Spor ile, dış görünüş hedefli ilgilenen bireylerin, bilimsel çalışmaları dahi taraflı ve hatalı yorumladığını anlamış olmak zorundayız. Spor bir sağlıklı olma rutinidir. Ayrıca salon fitness ı artık spor olarak görülmemekte bile.

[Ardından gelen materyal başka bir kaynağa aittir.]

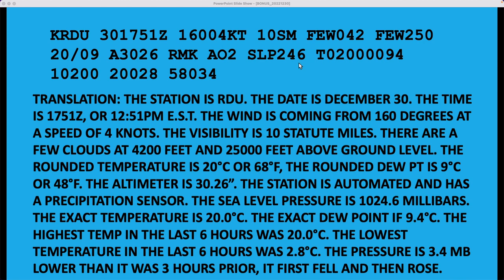There are eight different pressure tendency patterns. Zero through 3 means it's higher than it was three hours ago. Five through 8 means it's lower, and 4 means it's the same. The other numbers — 0, 1, 2, and 3 — indicate it was either rising and then falling, rising and then steady, or just steadily rising. It could also be falling and then rising, falling and then steady, or just steadily falling. So there are eight different possibilities, and the 5 falls into the category of first falling and then rising, but being lower than it was three hours ago.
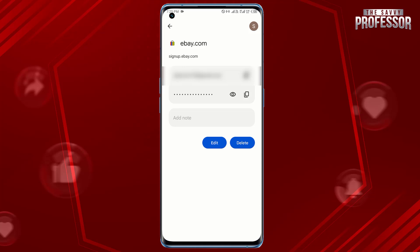The password will be revealed. Make sure to keep it secure. That's it — you have recovered a saved password from Google Chrome on your mobile device.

Bahsi geçen yaklaşımda en hatalı olan konulardan biri, yağ ın hangi yağ olduğunun belli olmaması. Kişi kakaolu fındık ezmesini, cevizi, zeytinyağını aynı besin tipi kategorisinde ele almaktadır. (!) Karbonhidratların vücutta yağ a dönüştürülme yüzdesi ile yağların depolanma oranlarını bu şekilde karşılaştırmakta. Bu kesinlikle kabul edilemez tabii ki. Genç bir birey en zararlı maddeleri bile vücuduna alsa, kısa vadede iyi görünüm elde edebilir. Amaç bu ise, kişi hızlı yaşlanma eğilimini artıracak, genetik olarak zayıf olduğu noktadan darbe yiyecektir zaman içinde. Çünkü, besin gruplarının enerjiye çevrilme süreçlerinde temel olan sorun, PROTON KAÇAKLARIdır. Bu en çok, basit karbonhidratlarda olmakta. Metabolik atık çok, elde edilen enerji az dır. İşlenmemiş İYİ YAĞLAR, en yüksek oranda enerjiye çevrilen besin grubudur. Abur cubur olarak ifade ettiğimiz işlenmiş - basit karbonhidratlar ise, en çok metabolik atık üretip, en az enerjiye dönüşen besin grubudur. Hatta evrimsel olarak eski tip enerji üretim mekanizmasını kullanır rafine şeker - basit karbonhidratlar. Sitoplazmada yakılır, oksijen kullanılmaz ve minimum enerji - maksimum atık üretilir. İyi yağlar ise, mitekondride oksijen ile ve çok yüksek enerjiye dönüşerek metabolize edilir. Ve az metabolik atık oluşur.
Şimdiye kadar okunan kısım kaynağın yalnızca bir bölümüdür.